Alberta Premier Danielle Smith is looking out for oil and gas profiteers as she stokes the fires of Alberta separatism.

In order to protect the planet-destroying oil and gas industry, she is relying on and helping to build up the far-right and its hate. Her government has introduced bill 54 in the Alberta legislature to make it easier for a far-right group to field a referendum on separation.

Polling in early April showed 25% of Albertans supported separation from Canada; after the Liberal’s election win this has risen to 36%.

This is up from 29% during the crest of the “Western Exit” (Wexit) wave, according to a Common Front poll in 2019. Danielle Smith rode this far right wave into the leadership of the United Conservative Party (UCP) to become Alberta premier in 2022, Her campaign was powered by far-right Take Back Alberta (TBA) members operating in the UCP base. Islamophobic, transphobic and left-bashing climate deniers in the TBA lead the Alberta Prosperity Project which is demanding a referendum later this year.

Details from 2019 polling show the political divides in support for separation: 68% of those self-identifying as far right; 46% of UCP supporters (65% in 2025); 11% of Liberal supporters; and 10% of NDP supporters.
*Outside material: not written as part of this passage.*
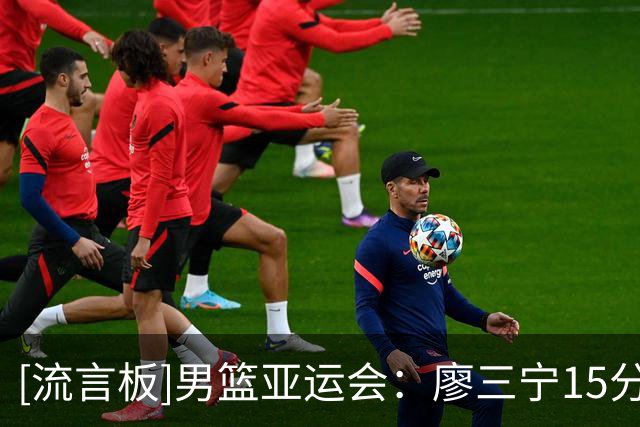 [流言板]男篮亚运会：廖三宁15分2助攻，中国男篮半场46-29领先巴林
Colonial myths and far-right hate

The Alberta Prosperity Project uses the settler colonial myth of “pioneers” with “expectations of self-government" on the “western frontier”, defending their way of life against the political and economic elite in Ontario and Quebec. Their reasons for separation include their belief that the federal government supports, “wokeness, cancel culture, critical race theory, the rewriting of history, and the tearing down of historical monuments;” “the elimination of the supremacy of God;” and has used “a questionable public health crisis to infringe on basic constitutional freedoms.”

The real history of Canada differs from the myths of self-reliant pioneers. It was federal government policies in the 19th century that enabled settlers to take over Indigenous lands in what became the province of Alberta in 1905. The feds built the railroad; set up the Northwest Mounted Police (forerunner of the RCMP); and perpetrated a genocide against Indigenous peoples to take them off the land.

Alberta oil production starting in the late 1940s and transformed the economy almost overnight. Royalties and licenses began providing significant government revenue. After the 1970s oil crisis the federal government wanted greater control of energy policy: Pierre Trudeau’s early 1980s National Energy Policy provoked a precursor wave of “western alienation” pushing Conservative politics to the right.

Smith’s right hand man Rob Anderson co-authored the “Free Alberta Strategy” (FAS) in 2021 to counter alleged “sustained federal attacks” on Alberta’s oil and gas industry. Smith followed this playbook by enacting the Alberta Sovereignty Act as soon as she became Premier.

Fossil fuel projects and pipelines are built over Indigenous land without their consent no matter if it is federal or provincial jurisdiction. Separation tensions amount to a falling out among exploiters and expropriators who are pursing the same settler colonial mission.

And Danielle Smith continues to follow the FAS playbook.

As John Bell explained in 2022: “So the Smith agenda in a nutshell; destruction of public services and the unionized workers who provide them; investing in a local para-military police force; all wrapped up in fairy tales about Alberta’s sovereignty and oil-based economic superiority. And lurking behind it all, poisoning the lives of Albertans the way it poisons everything it touches, is the fossil fuel industry.”

Fossil fuel production in Canada has risen by 150% since 1990 subsidized by both Liberal and Conservative federal governments. But this is not enough for the fossil fuel profiteers. In Alberta, where 84% of Canadian oil is produced, they want to overturn as many restrictions and regulations on their operations as they can to increase profits even more.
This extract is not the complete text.